Caption-style text data:

####################

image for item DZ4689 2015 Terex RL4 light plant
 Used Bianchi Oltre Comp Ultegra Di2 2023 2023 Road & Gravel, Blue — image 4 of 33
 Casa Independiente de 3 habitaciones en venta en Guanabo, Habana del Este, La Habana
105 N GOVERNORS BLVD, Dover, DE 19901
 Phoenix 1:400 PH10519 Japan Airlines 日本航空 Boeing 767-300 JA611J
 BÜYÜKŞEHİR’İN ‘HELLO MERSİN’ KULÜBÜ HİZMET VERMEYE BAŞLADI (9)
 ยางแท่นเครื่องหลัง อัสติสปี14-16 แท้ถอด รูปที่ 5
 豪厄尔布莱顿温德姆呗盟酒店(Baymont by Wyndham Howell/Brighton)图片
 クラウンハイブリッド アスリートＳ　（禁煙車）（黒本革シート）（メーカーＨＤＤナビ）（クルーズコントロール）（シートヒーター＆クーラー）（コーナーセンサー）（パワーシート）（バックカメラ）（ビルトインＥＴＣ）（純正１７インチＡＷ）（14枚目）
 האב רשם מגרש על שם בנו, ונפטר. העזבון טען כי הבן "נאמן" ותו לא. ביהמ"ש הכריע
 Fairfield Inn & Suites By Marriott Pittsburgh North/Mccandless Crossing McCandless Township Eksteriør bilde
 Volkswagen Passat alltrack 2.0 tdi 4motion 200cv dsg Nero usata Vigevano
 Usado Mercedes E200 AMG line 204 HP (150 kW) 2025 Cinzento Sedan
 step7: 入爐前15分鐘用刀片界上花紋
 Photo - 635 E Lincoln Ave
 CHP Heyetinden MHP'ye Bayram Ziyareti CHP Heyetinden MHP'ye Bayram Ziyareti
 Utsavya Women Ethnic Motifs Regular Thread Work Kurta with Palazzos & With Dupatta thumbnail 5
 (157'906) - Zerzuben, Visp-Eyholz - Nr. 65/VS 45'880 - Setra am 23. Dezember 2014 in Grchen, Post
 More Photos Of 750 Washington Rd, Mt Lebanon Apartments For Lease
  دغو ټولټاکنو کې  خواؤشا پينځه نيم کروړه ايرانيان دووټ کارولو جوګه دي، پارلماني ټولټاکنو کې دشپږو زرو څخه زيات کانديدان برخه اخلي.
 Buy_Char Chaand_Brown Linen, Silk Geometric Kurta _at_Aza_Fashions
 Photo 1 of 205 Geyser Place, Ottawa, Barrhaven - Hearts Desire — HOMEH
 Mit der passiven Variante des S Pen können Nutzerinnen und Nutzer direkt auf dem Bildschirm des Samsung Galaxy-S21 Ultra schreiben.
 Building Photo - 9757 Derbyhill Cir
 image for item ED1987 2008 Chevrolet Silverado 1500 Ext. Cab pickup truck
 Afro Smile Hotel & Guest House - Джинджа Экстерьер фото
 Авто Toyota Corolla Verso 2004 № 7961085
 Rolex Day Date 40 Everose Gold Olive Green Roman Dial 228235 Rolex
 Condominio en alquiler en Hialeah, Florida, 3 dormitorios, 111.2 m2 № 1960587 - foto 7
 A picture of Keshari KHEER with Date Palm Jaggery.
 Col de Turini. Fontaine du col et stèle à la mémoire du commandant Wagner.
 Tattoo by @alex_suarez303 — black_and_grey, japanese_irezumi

####################

-- What is being asked --
Copy out each entry above with no deviation.

-- Expected answer --
image for item DZ4689 2015 Terex RL4 light plant
 Used Bianchi Oltre Comp Ultegra Di2 2023 2023 Road & Gravel, Blue — image 4 of 33
 Casa Independiente de 3 habitaciones en venta en Guanabo, Habana del Este, La Habana
105 N GOVERNORS BLVD, Dover, DE 19901
 Phoenix 1:400 PH10519 Japan Airlines 日本航空 Boeing 767-300 JA611J
 BÜYÜKŞEHİR’İN ‘HELLO MERSİN’ KULÜBÜ HİZMET VERMEYE BAŞLADI (9)
 ยางแท่นเครื่องหลัง อัสติสปี14-16 แท้ถอด รูปที่ 5
 豪厄尔布莱顿温德姆呗盟酒店(Baymont by Wyndham Howell/Brighton)图片
 クラウンハイブリッド アスリートＳ　（禁煙車）（黒本革シート）（メーカーＨＤＤナビ）（クルーズコントロール）（シートヒーター＆クーラー）（コーナーセンサー）（パワーシート）（バックカメラ）（ビルトインＥＴＣ）（純正１７インチＡＷ）（14枚目）
 האב רשם מגרש על שם בנו, ונפטר. העזבון טען כי הבן "נאמן" ותו לא. ביהמ"ש הכריע
 Fairfield Inn & Suites By Marriott Pittsburgh North/Mccandless Crossing McCandless Township Eksteriør bilde
 Volkswagen Passat alltrack 2.0 tdi 4motion 200cv dsg Nero usata Vigevano
 Usado Mercedes E200 AMG line 204 HP (150 kW) 2025 Cinzento Sedan
 step7: 入爐前15分鐘用刀片界上花紋
 Photo - 635 E Lincoln Ave
 CHP Heyetinden MHP'ye Bayram Ziyareti CHP Heyetinden MHP'ye Bayram Ziyareti
 Utsavya Women Ethnic Motifs Regular Thread Work Kurta with Palazzos & With Dupatta thumbnail 5
 (157'906) - Zerzuben, Visp-Eyholz - Nr. 65/VS 45'880 - Setra am 23. Dezember 2014 in Grchen, Post
 More Photos Of 750 Washington Rd, Mt Lebanon Apartments For Lease
  دغو ټولټاکنو کې  خواؤشا پينځه نيم کروړه ايرانيان دووټ کارولو جوګه دي، پارلماني ټولټاکنو کې دشپږو زرو څخه زيات کانديدان برخه اخلي.
 Buy_Char Chaand_Brown Linen, Silk Geometric Kurta _at_Aza_Fashions
 Photo 1 of 205 Geyser Place, Ottawa, Barrhaven - Hearts Desire — HOMEH
 Mit der passiven Variante des S Pen können Nutzerinnen und Nutzer direkt auf dem Bildschirm des Samsung Galaxy-S21 Ultra schreiben.
 Building Photo - 9757 Derbyhill Cir
 image for item ED1987 2008 Chevrolet Silverado 1500 Ext. Cab pickup truck
 Afro Smile Hotel & Guest House - Джинджа Экстерьер фото
 Авто Toyota Corolla Verso 2004 № 7961085
 Rolex Day Date 40 Everose Gold Olive Green Roman Dial 228235 Rolex
 Condominio en alquiler en Hialeah, Florida, 3 dormitorios, 111.2 m2 № 1960587 - foto 7
 A picture of Keshari KHEER with Date Palm Jaggery.
 Col de Turini. Fontaine du col et stèle à la mémoire du commandant Wagner.
 Tattoo by @alex_suarez303 — black_and_grey, japanese_irezumi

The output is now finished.